(EXTRACTED DATA)

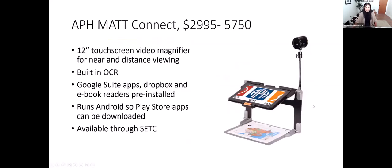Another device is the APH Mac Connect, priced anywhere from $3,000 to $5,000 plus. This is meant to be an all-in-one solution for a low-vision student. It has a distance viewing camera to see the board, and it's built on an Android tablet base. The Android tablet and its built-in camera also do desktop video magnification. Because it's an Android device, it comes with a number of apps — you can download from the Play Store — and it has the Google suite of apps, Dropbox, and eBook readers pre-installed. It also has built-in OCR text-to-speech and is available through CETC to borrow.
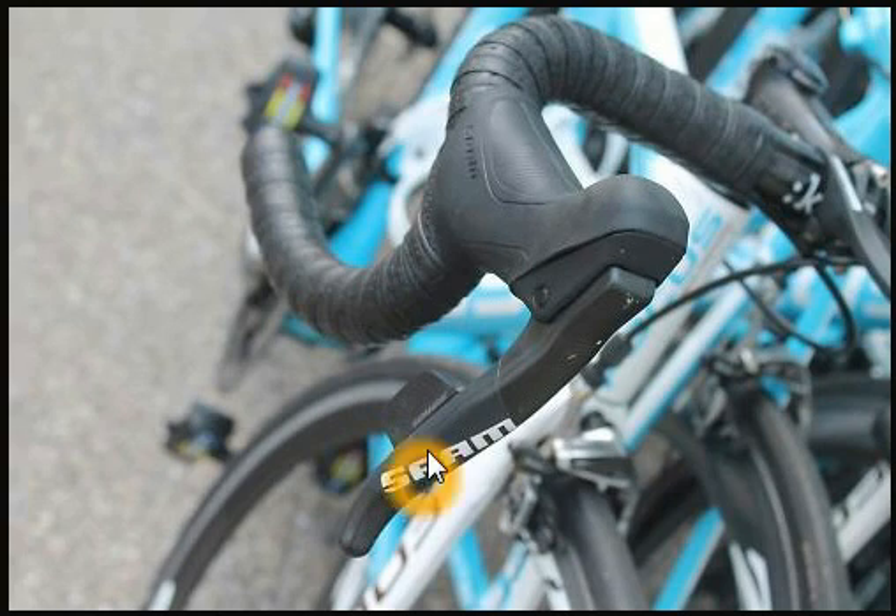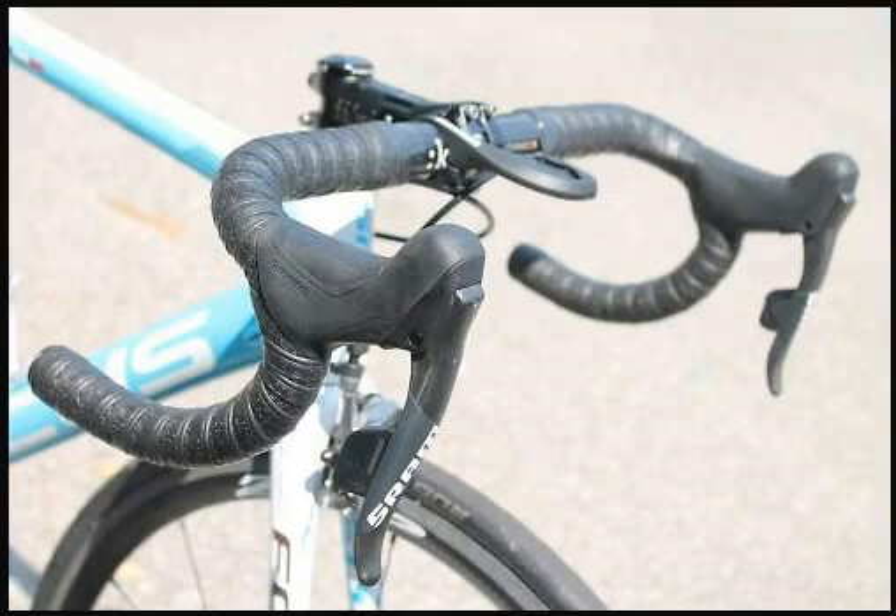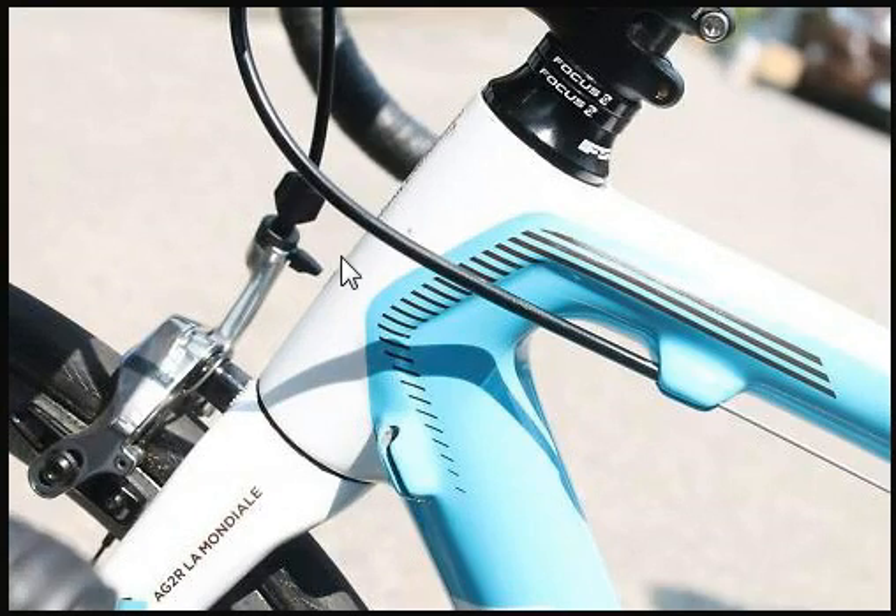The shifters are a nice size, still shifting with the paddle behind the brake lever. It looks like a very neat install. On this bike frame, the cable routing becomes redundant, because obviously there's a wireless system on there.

(End EXTRACTED DATA)
(EXTRACTED DATA)

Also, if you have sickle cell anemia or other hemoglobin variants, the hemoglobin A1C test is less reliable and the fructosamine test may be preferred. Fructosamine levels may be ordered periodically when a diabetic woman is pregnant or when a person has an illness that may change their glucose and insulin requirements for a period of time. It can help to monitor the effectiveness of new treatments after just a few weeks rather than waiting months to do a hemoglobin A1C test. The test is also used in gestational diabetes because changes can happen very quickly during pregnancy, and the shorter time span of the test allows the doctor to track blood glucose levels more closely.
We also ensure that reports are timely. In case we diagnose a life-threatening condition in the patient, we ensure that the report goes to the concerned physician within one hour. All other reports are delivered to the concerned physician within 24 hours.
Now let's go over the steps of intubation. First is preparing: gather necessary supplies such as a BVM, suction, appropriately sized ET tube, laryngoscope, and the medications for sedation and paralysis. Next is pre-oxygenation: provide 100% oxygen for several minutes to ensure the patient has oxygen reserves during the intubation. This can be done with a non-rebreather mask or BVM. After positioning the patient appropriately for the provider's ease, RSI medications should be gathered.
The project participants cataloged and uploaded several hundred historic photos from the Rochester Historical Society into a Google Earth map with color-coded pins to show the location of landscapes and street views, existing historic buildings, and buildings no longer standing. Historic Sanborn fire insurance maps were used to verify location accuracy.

(End EXTRACTED DATA)

**EXERCISE OBJECTIVE**
The lines above from the one with "Also, if you" through the one with "The project participants" are to be duplicated exactly, ends included, with nothing added.

**EXPECTED OUTPUT**
Also, if you have sickle cell anemia or other hemoglobin variants, the hemoglobin A1C test is less reliable and the fructosamine test may be preferred. Fructosamine levels may be ordered periodically when a diabetic woman is pregnant or when a person has an illness that may change their glucose and insulin requirements for a period of time. It can help to monitor the effectiveness of new treatments after just a few weeks rather than waiting months to do a hemoglobin A1C test. The test is also used in gestational diabetes because changes can happen very quickly during pregnancy, and the shorter time span of the test allows the doctor to track blood glucose levels more closely.
We also ensure that reports are timely. In case we diagnose a life-threatening condition in the patient, we ensure that the report goes to the concerned physician within one hour. All other reports are delivered to the concerned physician within 24 hours.
Now let's go over the steps of intubation. First is preparing: gather necessary supplies such as a BVM, suction, appropriately sized ET tube, laryngoscope, and the medications for sedation and paralysis. Next is pre-oxygenation: provide 100% oxygen for several minutes to ensure the patient has oxygen reserves during the intubation. This can be done with a non-rebreather mask or BVM. After positioning the patient appropriately for the provider's ease, RSI medications should be gathered.
The project participants cataloged and uploaded several hundred historic photos from the Rochester Historical Society into a Google Earth map with color-coded pins to show the location of landscapes and street views, existing historic buildings, and buildings no longer standing. Historic Sanborn fire insurance maps were used to verify location accuracy.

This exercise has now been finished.